*Matéria publicada originalmente em 05 de dezembro de 2007 (jornal Zero Hora)
É difícil saber em qual Michel Houellebecq se deve acreditar. Se é aquele que, pela manhã, fumando um dos primeiros cigarros do dia sob as árvores da reitoria da UFRGS, jura que seus livros não apresentam tese nenhuma, ou se naquele que, durante a tarde, em entrevista coletiva, se mostra apavorado diante dos relacionamentos e da velocidade do mundo moderno.
O romancista, um dos maiores bestsellers da França, honrou a fama de esquisito em sua passagem por Porto Alegre, onde fez ontem a última palestra do seminário Fronteiras do Pensamento. Com olhar intimidador, cabelo desgrenhado e voz baixa, Houellebecq parece fazer questão de colaborar com o folclore a seu respeito, que lhe atribui as mesmas carcterísticas dos personagens de seus livros - antisociais e desiludidos com o mundo. Para completar, costuma narrar as histórias em primeira pessoa. Mas jura que não se parece com seus personagens:
- Há apenas encontros, ligações. Diante das perguntas sobre teses e filósofos pós-modernos, Houellebecq faz questão de desmistificar seus romances, geralmente classificados pela crítica como grandes tratados sobre a condição oprimida do homem europeu diante da pós-modernidade.
- Não leio esses filósofos - desdenhou, com olhar vago entre a fumaça do cigarro. À tarde, diante da platéia de jornalistas ansiosos, reiterou o discurso:
- Um romancista não exerce o mesmo papel de um intelectual. A literatura é uma forma de entretenimento. Mas fica difícil de acreditar em seu discurso inicial quando, em seus quatro romances mais famosos, pelo menos dois temas se repetem, quase obsessivamente: a solidão e a pobreza da vida sexual do homem europeu moderno. Seus personagens teorizam e criam aforismos, como "Não se deve confiar numa mulher que tenha passado pelas mãos de um psicanalista".
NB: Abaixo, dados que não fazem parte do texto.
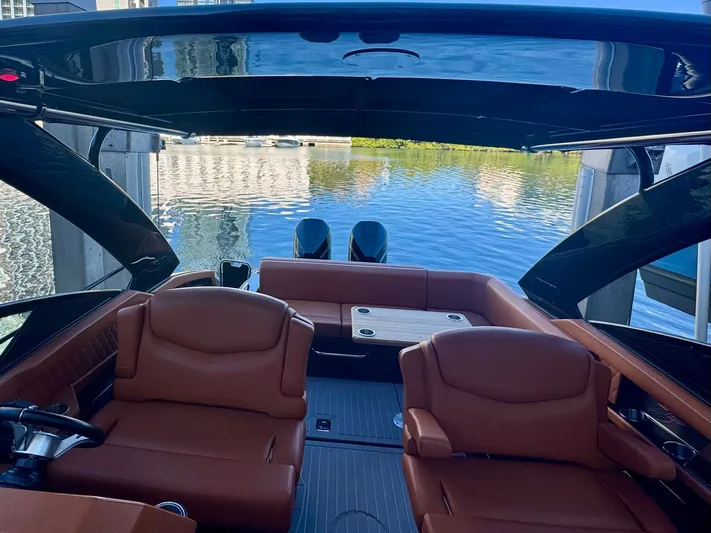  Yacht Photos Pics 2022 CRUISERS YACHTS 338 OB SOUTH BEACH EDITION - Image 25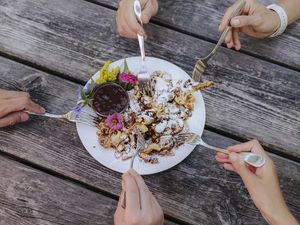 Beim Kaiserschmarrn-Kurs mit Schritt-für-Schritt-Anleitungen Beim Kaiserschmarrn-Kurs mit Schritt-für-Schritt-Anleitungen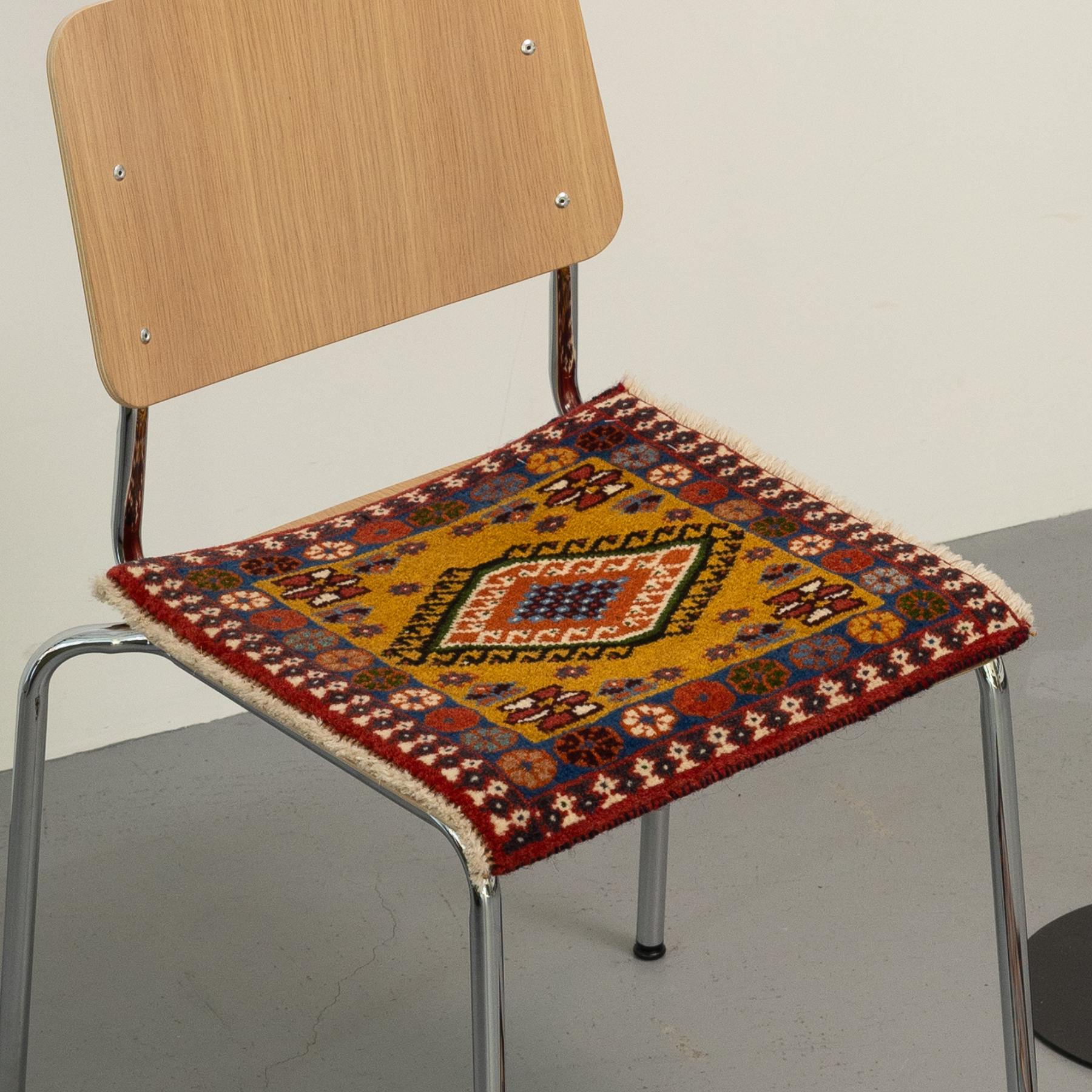 Layout・Tribal Rug 37772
Diante da insistência dos jornalistas, o escritor pareceu se render. Na reta final da entrevista, deixou transparecer que suas avaliações sobre o mundo não são assim tão diferentes das de seus personagens. Sobre a cultura: - O mundo está ao mesmo tempo acelerado e tedioso. Sobre os relacionamentos: - As pessoas estão caminhando para uma vida de relações empobrecidas, porque não têm tempo.
Por fim, reconheceu que seus livros falam da realidade que o incomoda:
- Na questão da ausência de desejo sexual, é possível que eu tenha sido um profeta em meus livros. Há cada vez mais assexuais na França. Sobre o terrorismo, também previ. As manchetes estavam salvas. Os jornalistas deixaram a sala riscando do bloco outro aforismo do autor:
- O nível da crítica literária é baixo. É preciso, portanto simplificar, para a polêmica vender jornal.